▸ **Exercise requirements**
Transcribe exactly the line with "モーテル Ib Oil Doo Restoran S Prenocistem ツァジン" and each line that follows it in the listing, down to the last, omitting all pictures.
+++ Provided data
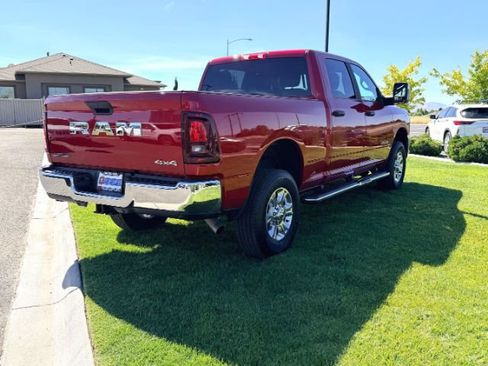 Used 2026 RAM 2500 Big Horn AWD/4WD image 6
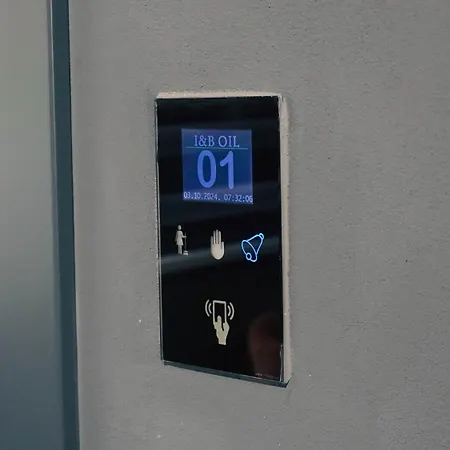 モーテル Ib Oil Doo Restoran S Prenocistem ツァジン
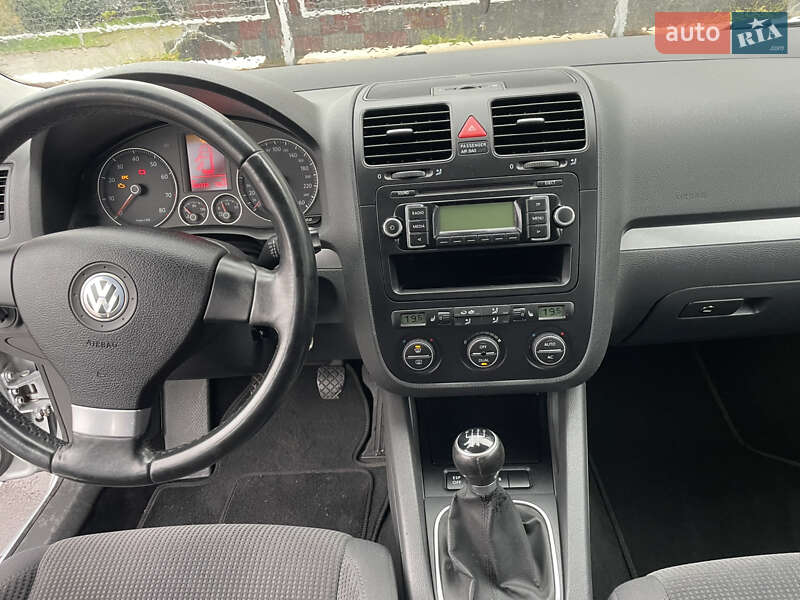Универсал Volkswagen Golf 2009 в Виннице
++++++
▸ **Finished exercise**
 モーテル Ib Oil Doo Restoran S Prenocistem ツァジン
Универсал Volkswagen Golf 2009 в Виннице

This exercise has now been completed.